### Collected data
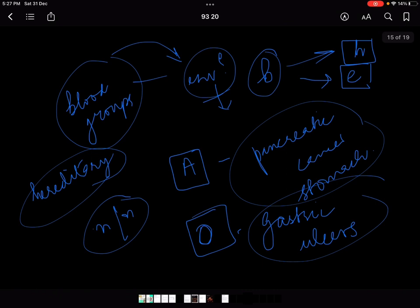So that is how much you need to remember about the ABO blood group system. Tomorrow we will do the Rh system, the MNS system, and further proceed with the chapter. This was just an introductory video to unit 9.6. If you liked it, please like, share, and subscribe. Thank you.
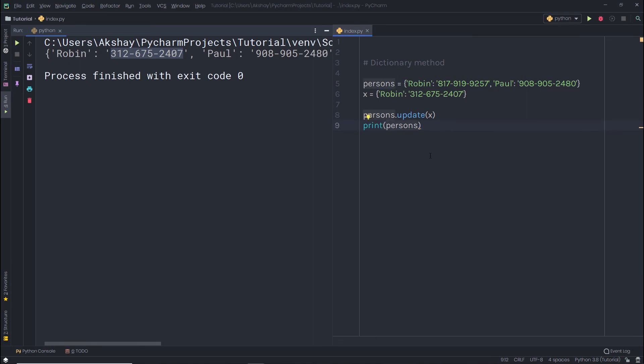In this lecture, we talked about a few important dictionary methods. There are a lot more, so as an exercise, open up the Python website and find the different methods available for dictionaries.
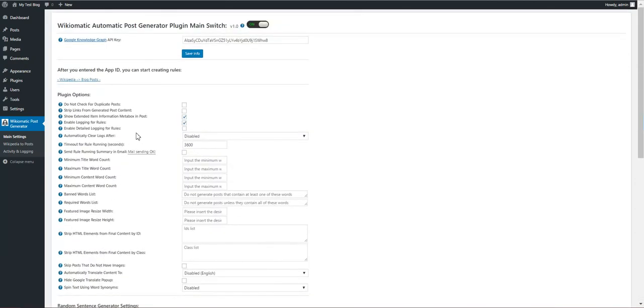So this is all. I hope you will enjoy my plugin. Until next time, bye-bye.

### Task requirements
Reproduce the whole listing verbatim and keep all pictures out of it.

### Expected answer
So that is how much you need to remember about the ABO blood group system. Tomorrow we will do the Rh system, the MNS system, and further proceed with the chapter. This was just an introductory video to unit 9.6. If you liked it, please like, share, and subscribe. Thank you.
In this lecture, we talked about a few important dictionary methods. There are a lot more, so as an exercise, open up the Python website and find the different methods available for dictionaries.
So this is all. I hope you will enjoy my plugin. Until next time, bye-bye.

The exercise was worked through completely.